CAMY Fund’s informed grantmaking approach: Quintana Roo, Mexico
By Emily Barcklow D’Amica, Senior Program Officer
In January, I traveled to Quintana Roo, Mexico to see CAMY Fund grantee partner Elige: Red de Jóvenes por los Derechos Sexuales y Reproductivos in action. The pretext was a training that Elige convened for organizations that form part of the Quintana Roo Network for Youth Sexual and Reproductive Rights, of which they are a founding member.
Quintana Roo had elections last year and a coalition government between the conservative and liberal parties (PAN-PRD) won. The elections were historic since this was the first time since the founding of the state in 1974 that the centrist PRI party (which currently holds the Mexican presidency) lost.
As part of the CAMY Fund’s informed grantmaking model I decided to take advantage of the trip to meet with officials from several public institutions to hear their reflections about the elections and what the new government would mean for young people in Quintana Roo. Central to the CAMY Fund philosophy is that we must understand politics and key actors’ motivations so that our grantmaking and technical assistance is relevant and strategic.
My first meeting was with Claudette González, Technical Undersecretary for the state’s Ministry of the Interior. Claudette, CAMY Fund Fellow, Didier Tuz, and I discussed the formation and next steps for the State Group for the Prevention of Adolescent Pregnancy (GEPEA by its initials in Spanish), which coordinates implementation at the local level for the National Strategy to Prevent Adolescent Pregnancy. Elige, the CAMY Fund’s grantee partner, was one of the organizations that pushed for the formation of the GEPEA based on its participation in the corresponding group at the national level. The success of this strategy was confirmed by Claudette who said, “the GEPEA was formed last year because of the pressure from civil society organizations.” Claudette expressed some concern about the mandate of the Group and its operations, which Elige is particularly poised to respond to, since they have the perspective of the national group as a reference.
Our next stop was to visit with Norma Salazar, the new Executive Secretary of the State System for the Protection of Children and Adolescents (SIPINNA by its initials in Spanish). The SIPPINA is a result of 2015 legal reforms based on the passage of the General Law for the Rights of Children and Adolescents. There are equivalent systems at the municipal and federal levels to coordinate efforts between government institutions in favor of the rights of children and adolescents. Further information about this system can be found here.
My interest in this meeting was to find out more about how child marriage/early unions were addressed in the State Protection System. Though the minimum age of marriage in Quintana Roo was raised to 18 in 2014, historically the statewide percentage for adolescent girls (ages 15-19) marrying or entering early unions has hovered around 23 percent. Norma informed us that “there is no current strategy around early unions,” however she expressed a commitment to incorporate this issue in the work of the SIPINNA. This lack of a state-wide strategy to address child marriage/early unions, combined with the commitment of the Executive Secretary to address the problem, presents an opportunity for CAMY Fund grantees to guide the orientation of the local government’s approach.

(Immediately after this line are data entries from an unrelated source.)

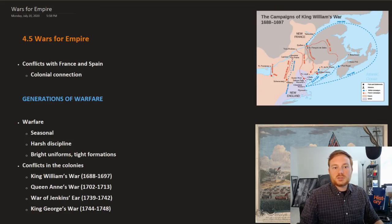This is OpenStax U.S. History, Chapter 4, Section 5: Wars for Empire.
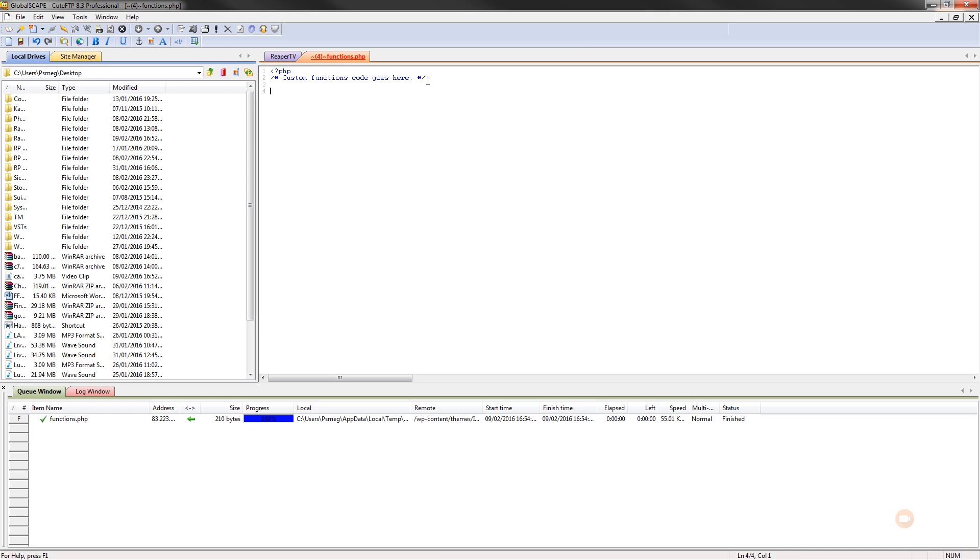There's plenty of information out there on how child themes work and the benefit. So all we need to do is put in a small piece of code. Now, I've copied and pasted this, and if you go to the link in the description below, it'll have a link directly through to my website, the wptuts.co.uk website, and this article will be on there, and the code will be available for you to just copy and paste.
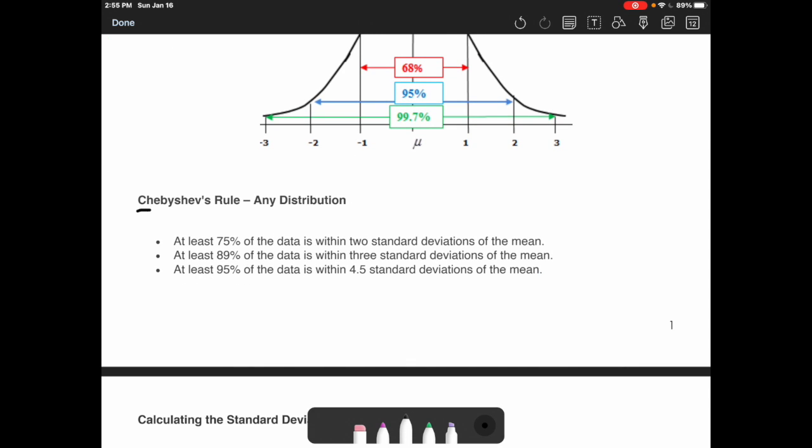There's another rule called Chebyshev's rule. It's the same idea, but this rule you can use for any distribution, and it will give you an approximate amount of data that lies two, three, and 4.5 standard deviations out. It works the same way — it's just more generalized. I can't stress enough that these are just approximations.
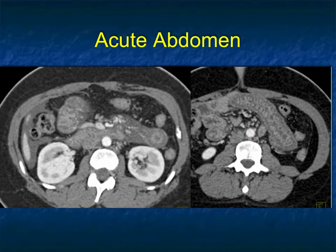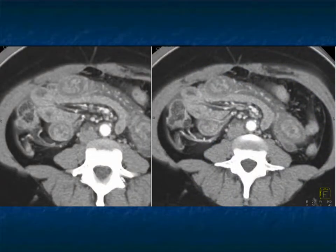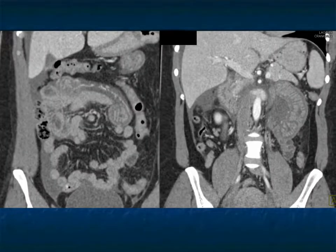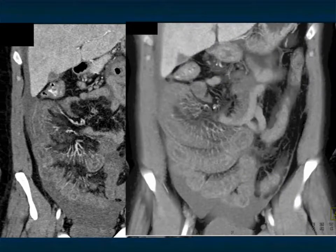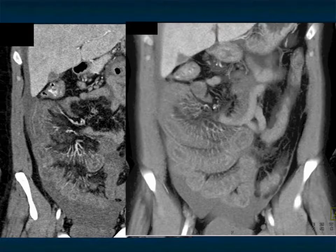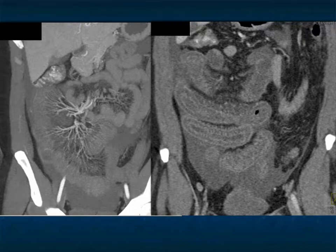Another example: look at the markedly thickened bowel, the edema. You can go through your differential of infectious, inflammatory, ischemia, radiation — all of those things you want to think about. There's ascites present as well. The patient is presenting with an acute abdomen; the question is should we go to the OR? But when you get the history, the patient started lisinopril 24 hours earlier. You simply give the patient fluids, support the patient, stop the medication, and within 24 hours the patient is back to normal. So a very, very critical diagnosis.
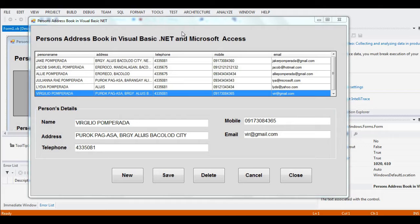Let's get started. I'm using Visual Basic 2012 Ultimate Edition and Microsoft Access 2013.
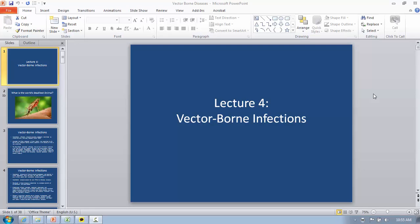Hello and welcome back. Today is lecture four and we're going to discuss vector-borne infections. Vector-borne infections are a combination of many different diseases and we're going to get into some of them throughout this lecture. I'm not going to be discussing all of them because there's so many of them, but I wanted to give you a taste of some of the major ones that affect the public health of different developing countries.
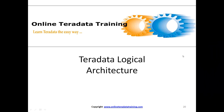Now let's start with Teradata Architecture. Teradata Architecture is divided into two parts. The first part is Teradata Logical Architecture and the second part is Teradata Advanced Architecture. So first we will look into this Logical Architecture.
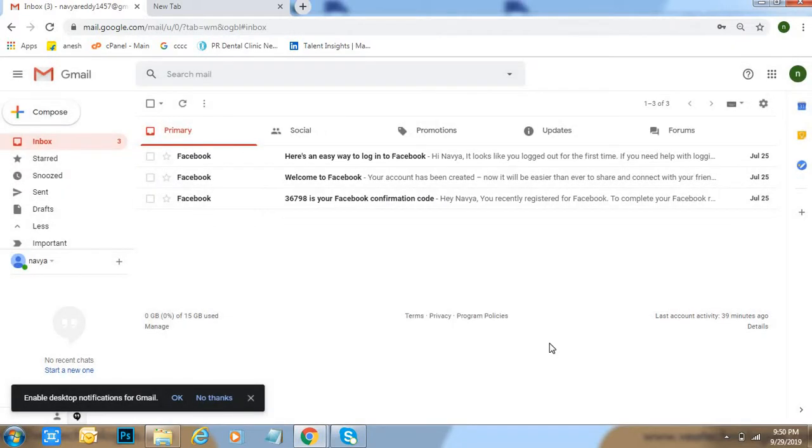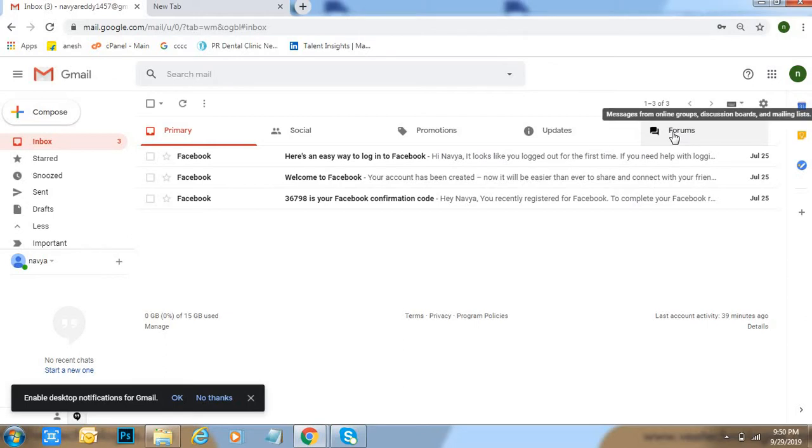Just wait for few seconds. See, forums added. Messages from online groups, discussion boards, and mailing lists.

The last meeting before heading to Elige’s training in the municipality of Carrillo Puerto was with Dr. Christian Rueda Jiménez, in charge of family planning and adolescent sexual and reproductive health at the Ministry of Health. Dr. Rueda has overseen the expansion of youth-friendly services throughout the state over the past year to a total of 28 to date. When discussing sexual and reproductive health needs in the state, he cited the need for teacher education as one of the key issues. This particularly resonated with me because the CAMY Fund is also interested in supporting comprehensive sexuality education in schools, which often begins with teacher training.

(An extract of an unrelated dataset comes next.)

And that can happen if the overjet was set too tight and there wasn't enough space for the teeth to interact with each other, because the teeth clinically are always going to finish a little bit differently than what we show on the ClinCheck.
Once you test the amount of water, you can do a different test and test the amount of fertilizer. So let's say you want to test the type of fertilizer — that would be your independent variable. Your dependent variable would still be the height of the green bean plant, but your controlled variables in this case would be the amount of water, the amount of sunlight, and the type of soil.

These meetings with public officials were extremely informative for the CAMY Fund. I came away from the meetings optimistic about the opportunities that this new government presents and with clear ideas on how to target our grantmaking in order to have the most impact.
Following these meetings, we headed to the municipality of Carrillo Puerto to observe a training with members of the Quintana Roo Network for Youth Sexual and Reproductive Rights. The Network was formed in late-2016 as a result of Elige’s convening work in the state. Since then, they have organized a series of trainings to strengthen members’ knowledge and skills in anticipation of a joint advocacy plan in 2017.
Thirteen organizations from all over the state attended the training which was dedicated to conceptual elements of advocacy and communication strategies. Being present for the workshop allowed me to get to know individual organizations and also observe the network’s dynamic as a whole. I was also able to identify talented leaders representing organizations new to the CAMY Fund.
I left this trip excited about the work of our grantee partner in Quintana Roo, and hopeful about the potential for institutional changes in the state. As a grantmaker, I feel empowered by the relationships I strengthened and information I collected, all of which will inform our strategy moving forward.